Bergvca / string_grouper

Super Fast String Matching in Python
MIT License
362 stars 76 forks source link

set max_n_matches=1 in match_most_similar() for a significant performance boost #60

Closed ParticularMiner closed 2 years ago

ParticularMiner commented 3 years ago

Hi @Bergvca,

I forgot to mention before: we can achieve a significant performance gain in the function: match_most_similar() by exploiting sparse_dot_topn to do most of the work for string_grouper. For instance, one test I performed using this method on the sec edgar dataset lasted only 11 seconds as opposed to 6 minutes without using this method (a ×33 boost)!

How? Add the following line to the definition of match_most_similar():

kwargs['max_n_matches'] = 1

This allows sparse_dot_topn itself (instead of string_grouper) to directly find the single most similar match in Series master per string in Series duplicates.

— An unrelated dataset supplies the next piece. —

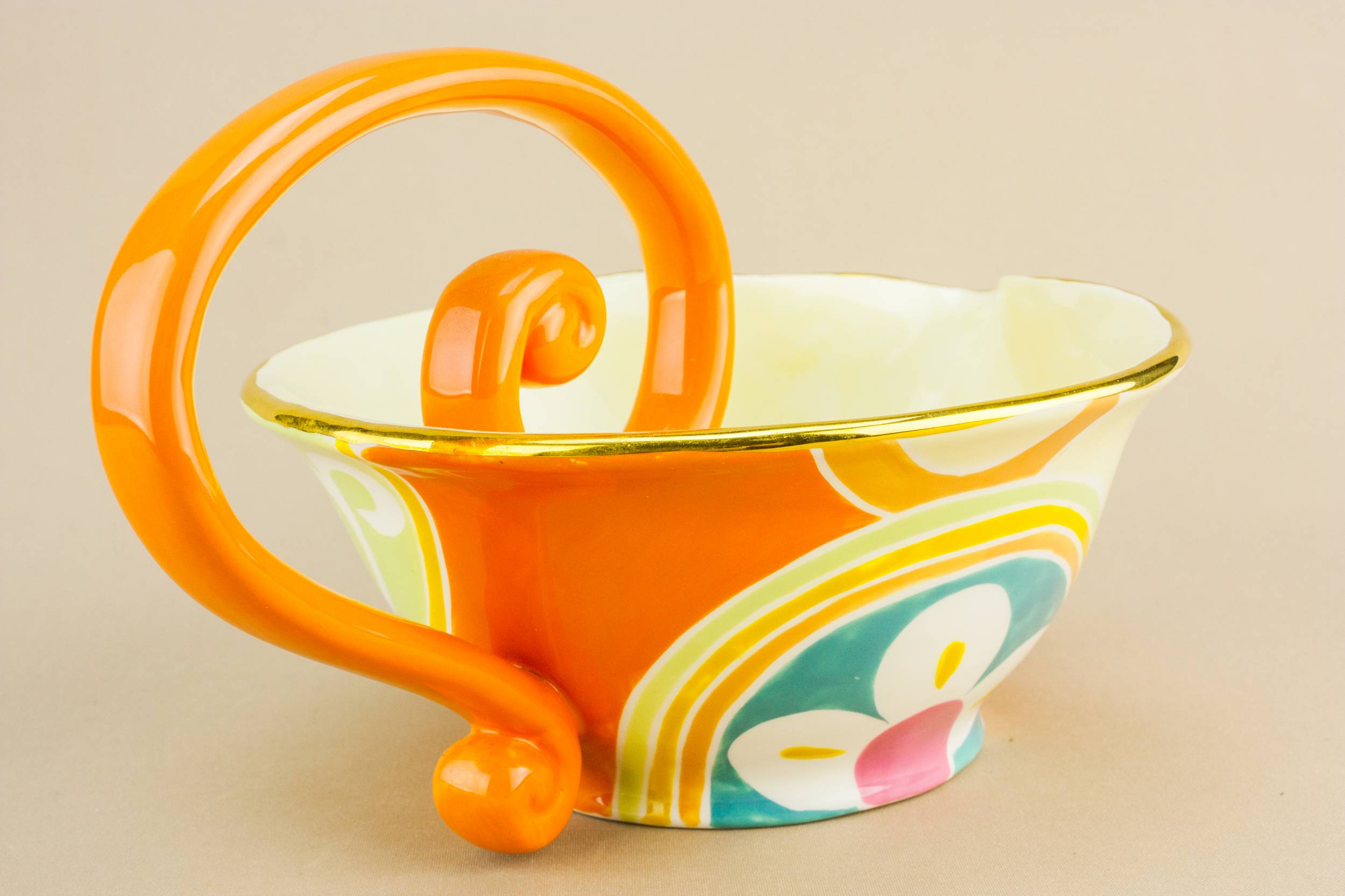 Bone China Vintage — Modernist creamer 1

Afterwards string_grouper needs only to deal with those duplicates that found no match as usual.

Caution: To be able to do this I also needed to swap the argument positions of the two input matrices to the function awesome_cossim_topn, since awesome_cossim_topn only sorts the columns of matrix B and not matrix A in the matrix product A*B. In other words, A should be duplicates_matrix and B should be master_matrix (transposed of course).

The definition and default value of max_n_matches were updated accordingly.